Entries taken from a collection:
──────────────────────────────
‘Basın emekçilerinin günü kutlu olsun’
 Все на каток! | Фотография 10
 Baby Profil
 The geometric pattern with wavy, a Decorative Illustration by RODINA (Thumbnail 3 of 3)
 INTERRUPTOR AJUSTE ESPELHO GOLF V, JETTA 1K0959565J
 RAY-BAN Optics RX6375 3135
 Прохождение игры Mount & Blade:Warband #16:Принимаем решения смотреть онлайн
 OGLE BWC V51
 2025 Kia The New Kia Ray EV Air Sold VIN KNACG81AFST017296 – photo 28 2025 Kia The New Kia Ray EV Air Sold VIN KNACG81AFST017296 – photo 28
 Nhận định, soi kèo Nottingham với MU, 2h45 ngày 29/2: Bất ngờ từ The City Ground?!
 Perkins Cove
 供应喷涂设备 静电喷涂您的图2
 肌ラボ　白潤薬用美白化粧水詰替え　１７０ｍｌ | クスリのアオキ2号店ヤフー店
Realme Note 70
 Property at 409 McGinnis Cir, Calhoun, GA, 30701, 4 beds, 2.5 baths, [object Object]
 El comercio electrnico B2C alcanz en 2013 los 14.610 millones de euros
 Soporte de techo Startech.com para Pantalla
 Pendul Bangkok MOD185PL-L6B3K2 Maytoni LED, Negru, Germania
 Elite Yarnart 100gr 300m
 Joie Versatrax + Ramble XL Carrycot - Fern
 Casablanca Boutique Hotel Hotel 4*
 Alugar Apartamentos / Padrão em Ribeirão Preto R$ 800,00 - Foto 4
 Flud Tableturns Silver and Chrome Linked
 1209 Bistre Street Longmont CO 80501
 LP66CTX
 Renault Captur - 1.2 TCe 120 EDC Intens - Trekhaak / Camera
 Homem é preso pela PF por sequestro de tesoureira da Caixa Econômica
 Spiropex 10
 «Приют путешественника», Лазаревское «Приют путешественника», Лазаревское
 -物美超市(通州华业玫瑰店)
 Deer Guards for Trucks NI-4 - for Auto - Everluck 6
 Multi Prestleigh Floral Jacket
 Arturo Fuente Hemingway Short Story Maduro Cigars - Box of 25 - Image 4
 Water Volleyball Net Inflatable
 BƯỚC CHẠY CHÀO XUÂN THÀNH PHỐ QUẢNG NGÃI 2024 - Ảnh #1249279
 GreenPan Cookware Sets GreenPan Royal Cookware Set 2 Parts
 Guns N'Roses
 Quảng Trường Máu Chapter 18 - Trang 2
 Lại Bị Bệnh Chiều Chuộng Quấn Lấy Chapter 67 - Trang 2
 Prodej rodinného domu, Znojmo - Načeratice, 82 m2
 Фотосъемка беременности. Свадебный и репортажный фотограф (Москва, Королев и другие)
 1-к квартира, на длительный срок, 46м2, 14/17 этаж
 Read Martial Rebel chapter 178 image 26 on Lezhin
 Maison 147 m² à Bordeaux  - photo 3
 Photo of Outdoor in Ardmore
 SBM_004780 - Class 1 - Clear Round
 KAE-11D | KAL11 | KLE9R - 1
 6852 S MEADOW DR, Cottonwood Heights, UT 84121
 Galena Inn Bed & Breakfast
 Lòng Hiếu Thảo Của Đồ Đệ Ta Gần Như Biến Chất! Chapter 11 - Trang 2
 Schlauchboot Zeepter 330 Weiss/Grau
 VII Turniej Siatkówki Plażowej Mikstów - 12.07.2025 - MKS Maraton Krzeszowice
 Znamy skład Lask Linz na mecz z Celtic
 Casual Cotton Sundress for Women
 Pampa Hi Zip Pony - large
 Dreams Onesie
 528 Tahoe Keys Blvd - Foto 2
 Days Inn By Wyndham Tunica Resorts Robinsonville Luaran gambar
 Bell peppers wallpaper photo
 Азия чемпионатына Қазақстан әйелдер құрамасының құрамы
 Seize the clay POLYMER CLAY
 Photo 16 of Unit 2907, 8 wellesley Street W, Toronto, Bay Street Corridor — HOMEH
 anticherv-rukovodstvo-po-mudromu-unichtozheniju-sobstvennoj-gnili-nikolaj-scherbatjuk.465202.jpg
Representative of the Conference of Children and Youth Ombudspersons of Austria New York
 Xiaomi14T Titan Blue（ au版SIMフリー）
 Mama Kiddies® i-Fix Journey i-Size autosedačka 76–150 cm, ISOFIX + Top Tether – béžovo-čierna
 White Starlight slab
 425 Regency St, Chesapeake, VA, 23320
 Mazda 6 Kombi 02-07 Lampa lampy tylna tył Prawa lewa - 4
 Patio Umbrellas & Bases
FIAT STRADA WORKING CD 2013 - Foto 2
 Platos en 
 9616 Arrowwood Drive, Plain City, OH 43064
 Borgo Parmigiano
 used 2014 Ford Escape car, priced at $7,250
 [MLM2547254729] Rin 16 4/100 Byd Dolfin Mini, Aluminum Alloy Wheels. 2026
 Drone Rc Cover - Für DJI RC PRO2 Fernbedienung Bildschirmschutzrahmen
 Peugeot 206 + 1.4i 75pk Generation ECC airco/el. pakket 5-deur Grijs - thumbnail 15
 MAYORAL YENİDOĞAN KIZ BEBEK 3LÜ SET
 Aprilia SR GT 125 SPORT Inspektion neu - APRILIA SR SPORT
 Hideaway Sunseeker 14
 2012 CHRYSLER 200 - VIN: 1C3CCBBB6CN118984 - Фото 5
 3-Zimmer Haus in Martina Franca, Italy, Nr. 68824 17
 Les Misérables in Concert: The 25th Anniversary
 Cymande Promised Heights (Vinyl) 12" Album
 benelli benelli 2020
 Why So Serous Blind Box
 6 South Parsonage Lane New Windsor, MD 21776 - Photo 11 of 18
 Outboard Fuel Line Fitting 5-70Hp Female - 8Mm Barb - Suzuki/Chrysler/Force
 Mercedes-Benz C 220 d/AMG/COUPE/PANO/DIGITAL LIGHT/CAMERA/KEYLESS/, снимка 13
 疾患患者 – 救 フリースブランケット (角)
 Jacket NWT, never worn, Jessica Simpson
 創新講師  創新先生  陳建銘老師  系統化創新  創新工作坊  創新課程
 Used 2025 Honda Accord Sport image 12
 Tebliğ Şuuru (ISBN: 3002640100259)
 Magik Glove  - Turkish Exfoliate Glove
──────────────────────────────
Could you set down, exactly as written, the lines above between the one holding "FIAT STRADA WORKING CD 2013 - Foto 2" and the one holding "benelli benelli 2020", inclusive, and nothing more?

• _SOLUTION FOR THIS PROBLEM_
FIAT STRADA WORKING CD 2013 - Foto 2
 Platos en 
 9616 Arrowwood Drive, Plain City, OH 43064
 Borgo Parmigiano
 used 2014 Ford Escape car, priced at $7,250
 [MLM2547254729] Rin 16 4/100 Byd Dolfin Mini, Aluminum Alloy Wheels. 2026
 Drone Rc Cover - Für DJI RC PRO2 Fernbedienung Bildschirmschutzrahmen
 Peugeot 206 + 1.4i 75pk Generation ECC airco/el. pakket 5-deur Grijs - thumbnail 15
 MAYORAL YENİDOĞAN KIZ BEBEK 3LÜ SET
 Aprilia SR GT 125 SPORT Inspektion neu - APRILIA SR SPORT
 Hideaway Sunseeker 14
 2012 CHRYSLER 200 - VIN: 1C3CCBBB6CN118984 - Фото 5
 3-Zimmer Haus in Martina Franca, Italy, Nr. 68824 17
 Les Misérables in Concert: The 25th Anniversary
 Cymande Promised Heights (Vinyl) 12" Album
 benelli benelli 2020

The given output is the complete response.